# YOUR OBJECTIVE:
In the material below, the lines between the one holding "Fuel Pump For" and the one holding "Brianna Girl + Doll Bundle", inclusive, are to be set down word for word. Pictures stay out.

# TASK INPUTS:
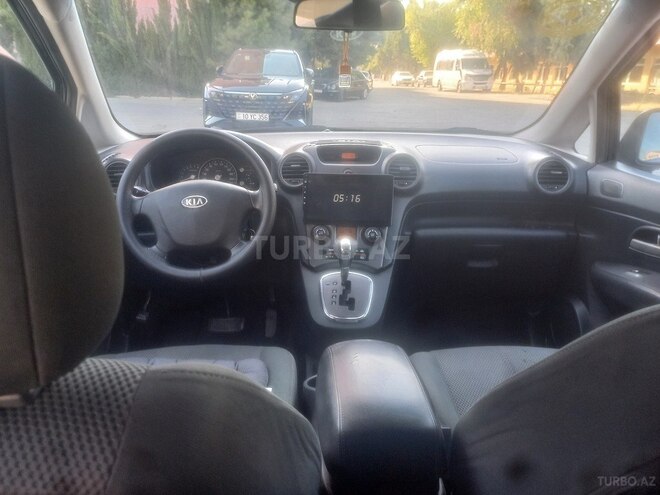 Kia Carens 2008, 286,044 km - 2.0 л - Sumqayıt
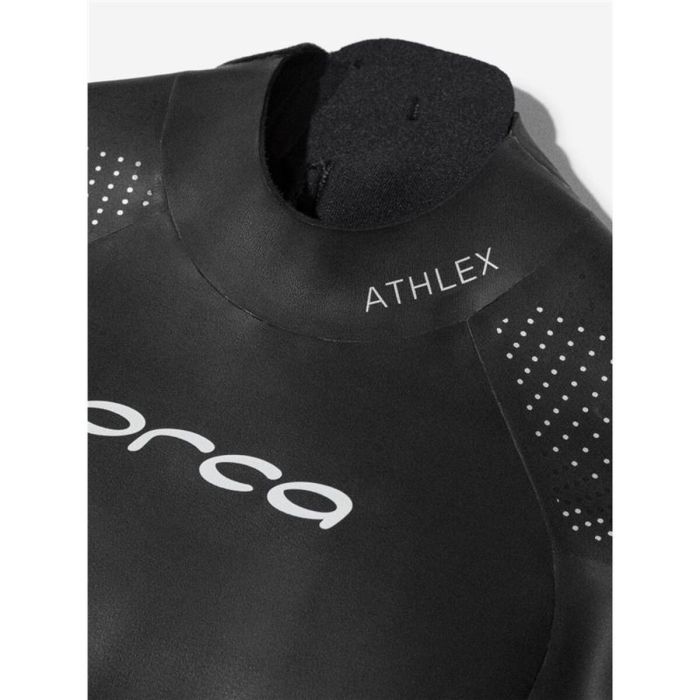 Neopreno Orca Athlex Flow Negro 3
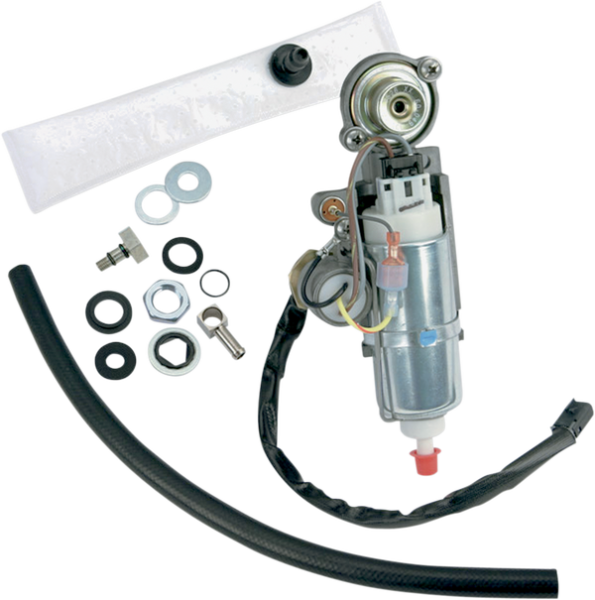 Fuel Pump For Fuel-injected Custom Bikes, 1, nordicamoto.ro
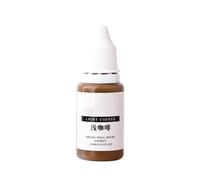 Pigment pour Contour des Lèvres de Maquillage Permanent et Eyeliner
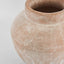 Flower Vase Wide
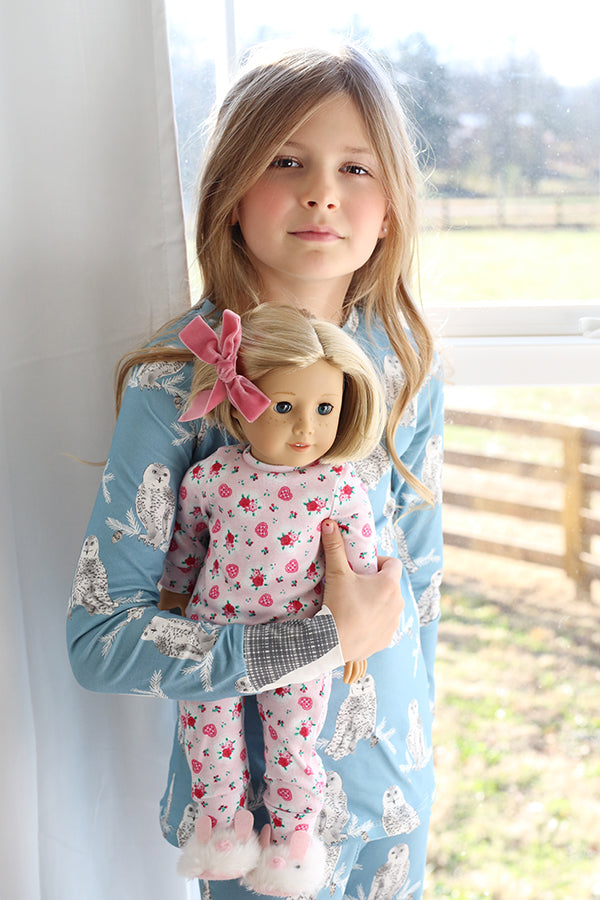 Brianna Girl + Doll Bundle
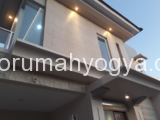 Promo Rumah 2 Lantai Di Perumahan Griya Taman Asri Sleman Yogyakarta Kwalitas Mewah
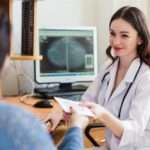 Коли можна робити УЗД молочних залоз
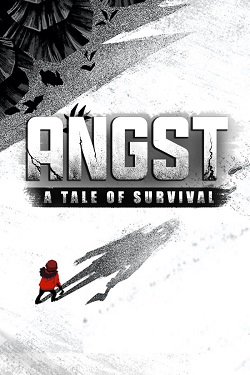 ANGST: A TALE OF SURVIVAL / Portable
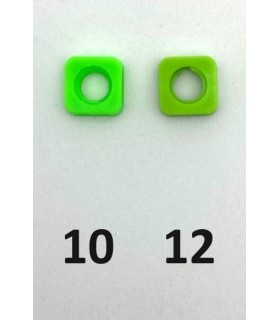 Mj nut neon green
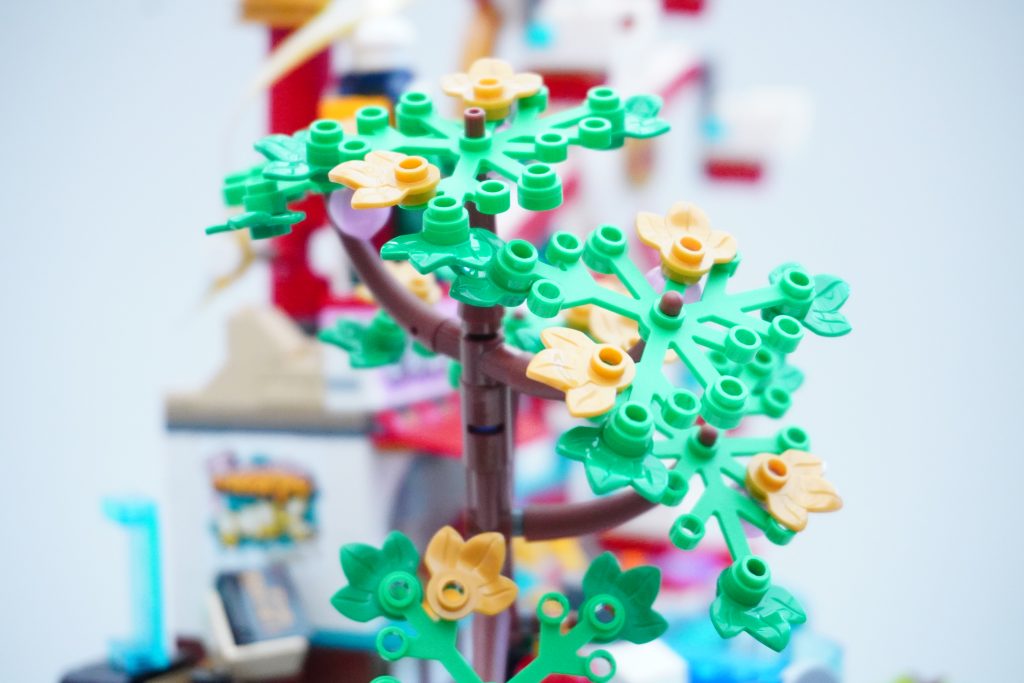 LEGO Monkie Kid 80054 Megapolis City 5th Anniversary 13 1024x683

---

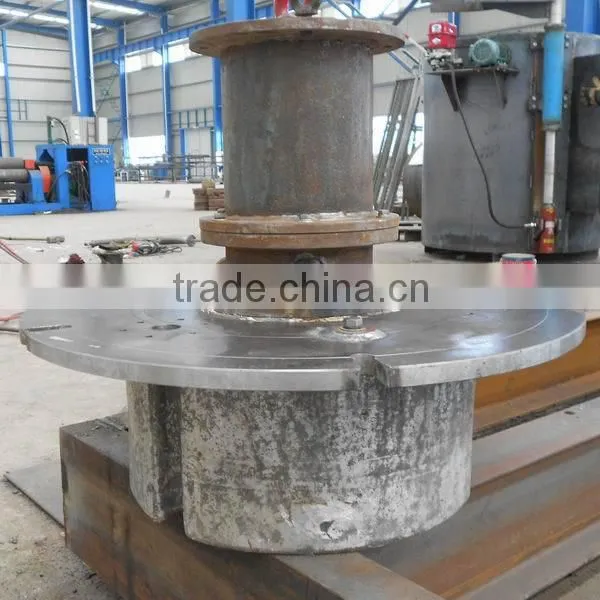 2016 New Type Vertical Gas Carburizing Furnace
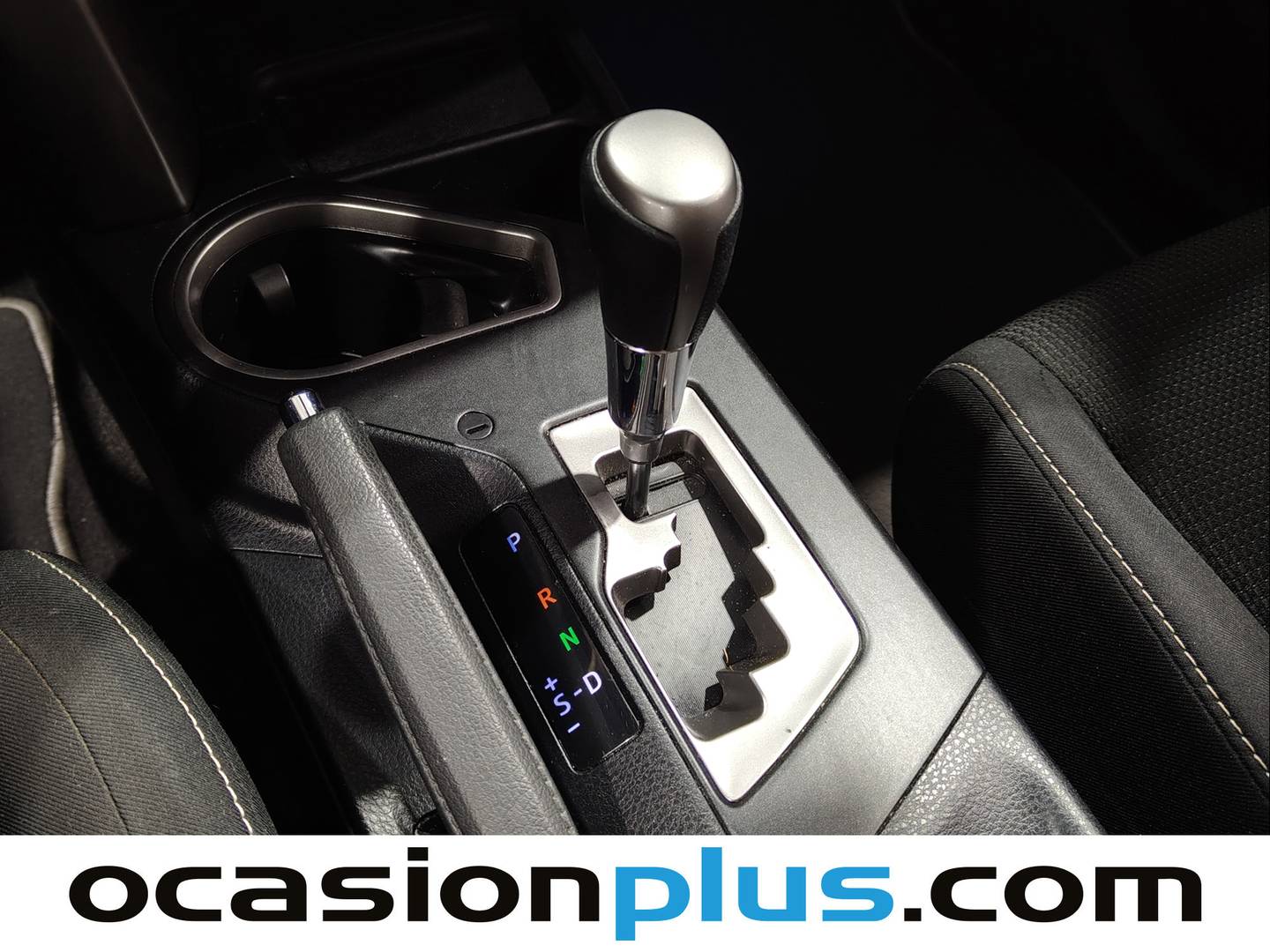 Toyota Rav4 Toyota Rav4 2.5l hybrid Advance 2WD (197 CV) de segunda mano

* * *

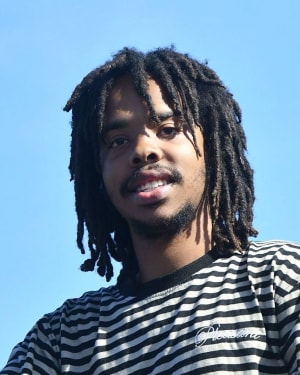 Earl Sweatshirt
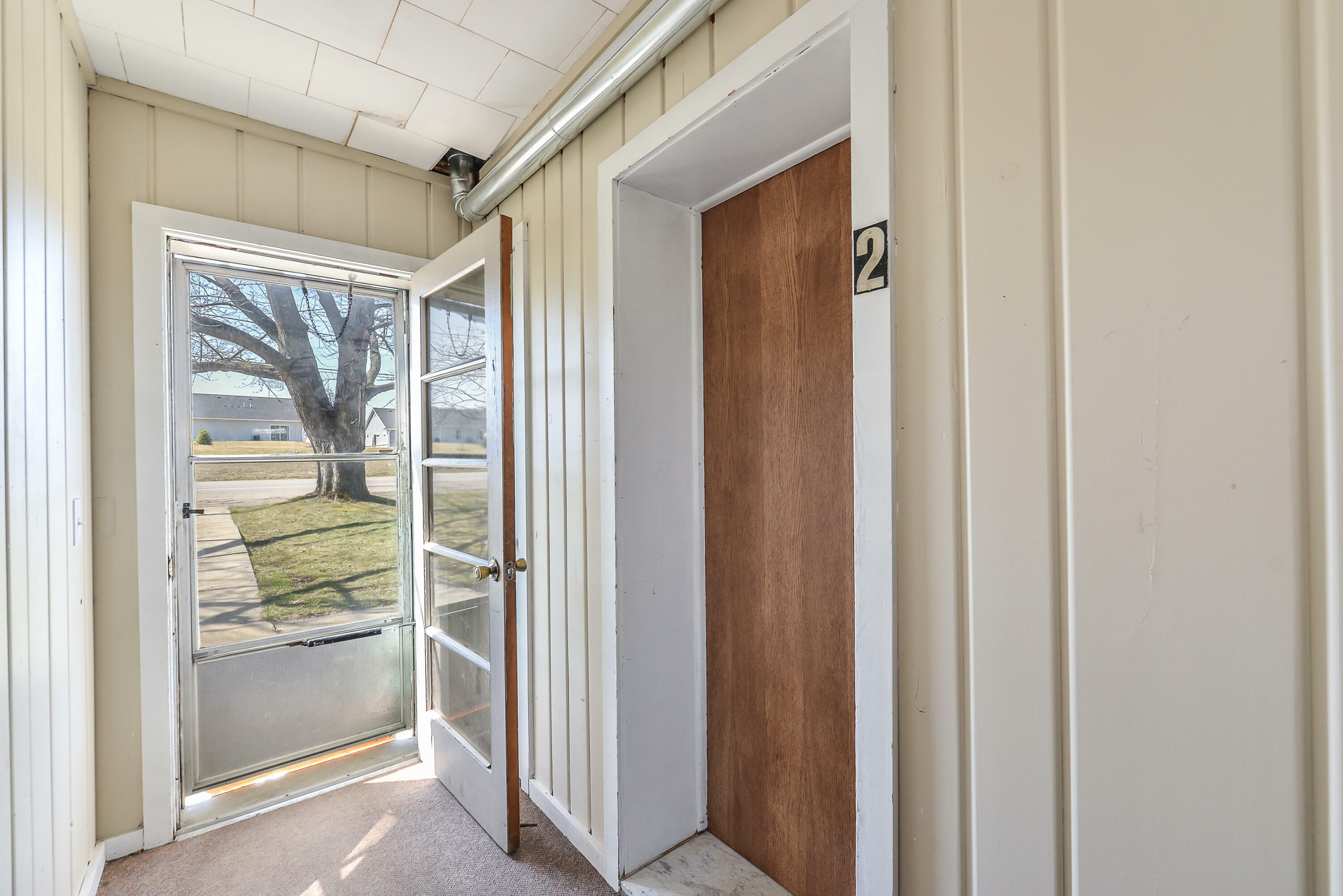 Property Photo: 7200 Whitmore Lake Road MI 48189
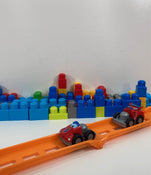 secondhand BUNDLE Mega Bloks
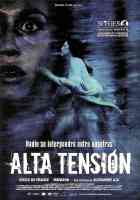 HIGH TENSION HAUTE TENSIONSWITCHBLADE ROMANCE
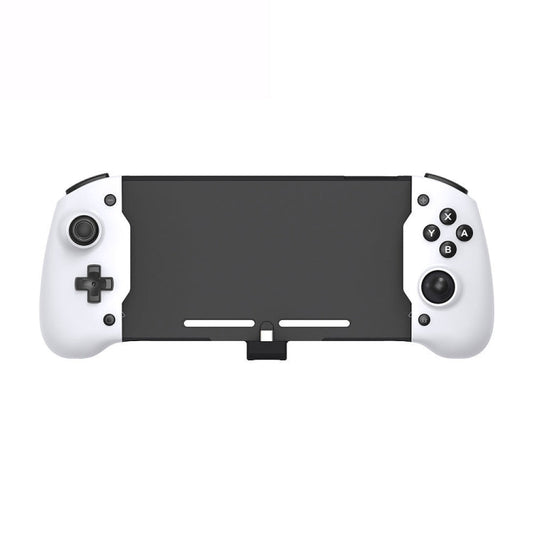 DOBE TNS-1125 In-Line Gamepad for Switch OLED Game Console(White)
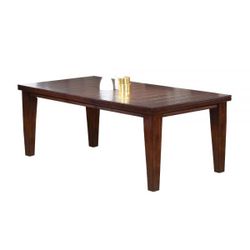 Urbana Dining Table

# ANSWER TO THE EXERCISE:
 Fuel Pump For Fuel-injected Custom Bikes, 1, nordicamoto.ro
 Pigment pour Contour des Lèvres de Maquillage Permanent et Eyeliner
 Flower Vase Wide
 Brianna Girl + Doll Bundle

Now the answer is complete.